Problem requirements
From the line containing "Photo 38 of" down to the last line of the records below, give every line again without any change.

________________________

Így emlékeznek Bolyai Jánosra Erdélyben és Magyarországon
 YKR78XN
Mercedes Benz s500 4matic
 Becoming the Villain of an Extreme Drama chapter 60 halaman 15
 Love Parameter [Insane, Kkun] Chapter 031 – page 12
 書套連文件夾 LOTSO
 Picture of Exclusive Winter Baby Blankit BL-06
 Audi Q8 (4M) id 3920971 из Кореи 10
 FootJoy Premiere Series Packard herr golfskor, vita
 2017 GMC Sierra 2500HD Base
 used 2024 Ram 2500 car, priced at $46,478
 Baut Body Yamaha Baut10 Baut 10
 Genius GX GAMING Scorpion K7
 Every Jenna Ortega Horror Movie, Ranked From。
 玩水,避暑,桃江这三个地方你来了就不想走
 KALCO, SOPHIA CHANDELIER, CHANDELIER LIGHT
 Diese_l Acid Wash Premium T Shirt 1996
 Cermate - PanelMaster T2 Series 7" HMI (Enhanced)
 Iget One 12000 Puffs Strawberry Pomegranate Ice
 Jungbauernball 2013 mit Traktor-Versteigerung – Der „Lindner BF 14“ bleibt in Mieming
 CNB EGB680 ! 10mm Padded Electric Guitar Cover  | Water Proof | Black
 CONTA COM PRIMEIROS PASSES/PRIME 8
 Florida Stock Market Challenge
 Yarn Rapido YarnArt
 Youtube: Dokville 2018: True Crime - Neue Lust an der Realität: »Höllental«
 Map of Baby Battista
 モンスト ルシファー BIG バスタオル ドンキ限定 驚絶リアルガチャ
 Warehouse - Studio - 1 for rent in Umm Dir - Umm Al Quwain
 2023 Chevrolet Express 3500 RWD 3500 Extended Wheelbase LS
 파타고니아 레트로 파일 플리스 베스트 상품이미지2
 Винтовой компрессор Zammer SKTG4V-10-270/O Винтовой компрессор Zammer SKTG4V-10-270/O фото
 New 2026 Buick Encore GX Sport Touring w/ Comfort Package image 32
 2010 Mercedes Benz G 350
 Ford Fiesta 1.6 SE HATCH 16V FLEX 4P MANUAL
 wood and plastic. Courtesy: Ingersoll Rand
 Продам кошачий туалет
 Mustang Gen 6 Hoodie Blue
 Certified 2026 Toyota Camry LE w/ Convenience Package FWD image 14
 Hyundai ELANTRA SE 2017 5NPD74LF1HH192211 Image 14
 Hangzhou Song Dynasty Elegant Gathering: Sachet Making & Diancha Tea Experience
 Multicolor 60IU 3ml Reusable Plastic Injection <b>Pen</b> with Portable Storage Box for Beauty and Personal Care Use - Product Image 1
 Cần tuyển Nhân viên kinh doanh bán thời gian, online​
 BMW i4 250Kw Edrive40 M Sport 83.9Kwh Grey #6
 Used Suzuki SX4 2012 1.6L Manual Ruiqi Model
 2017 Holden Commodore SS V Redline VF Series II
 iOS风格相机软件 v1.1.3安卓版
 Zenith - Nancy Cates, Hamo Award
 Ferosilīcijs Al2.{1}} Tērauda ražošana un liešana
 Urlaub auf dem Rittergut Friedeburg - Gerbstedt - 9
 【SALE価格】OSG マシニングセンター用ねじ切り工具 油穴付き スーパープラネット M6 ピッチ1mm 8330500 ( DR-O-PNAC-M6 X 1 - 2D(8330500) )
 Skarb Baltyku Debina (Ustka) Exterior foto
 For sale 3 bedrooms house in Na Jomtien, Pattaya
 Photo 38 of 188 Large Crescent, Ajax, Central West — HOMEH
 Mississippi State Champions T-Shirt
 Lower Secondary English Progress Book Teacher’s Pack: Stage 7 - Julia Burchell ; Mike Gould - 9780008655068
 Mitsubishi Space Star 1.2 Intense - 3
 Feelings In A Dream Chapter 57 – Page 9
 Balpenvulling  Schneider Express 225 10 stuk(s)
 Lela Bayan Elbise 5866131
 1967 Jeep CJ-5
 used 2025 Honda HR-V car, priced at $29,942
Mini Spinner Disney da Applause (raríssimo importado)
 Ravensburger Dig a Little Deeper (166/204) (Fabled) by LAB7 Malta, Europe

________________________

Expected output
 Photo 38 of 188 Large Crescent, Ajax, Central West — HOMEH
 Mississippi State Champions T-Shirt
 Lower Secondary English Progress Book Teacher’s Pack: Stage 7 - Julia Burchell ; Mike Gould - 9780008655068
 Mitsubishi Space Star 1.2 Intense - 3
 Feelings In A Dream Chapter 57 – Page 9
 Balpenvulling  Schneider Express 225 10 stuk(s)
 Lela Bayan Elbise 5866131
 1967 Jeep CJ-5
 used 2025 Honda HR-V car, priced at $29,942
Mini Spinner Disney da Applause (raríssimo importado)
 Ravensburger Dig a Little Deeper (166/204) (Fabled) by LAB7 Malta, Europe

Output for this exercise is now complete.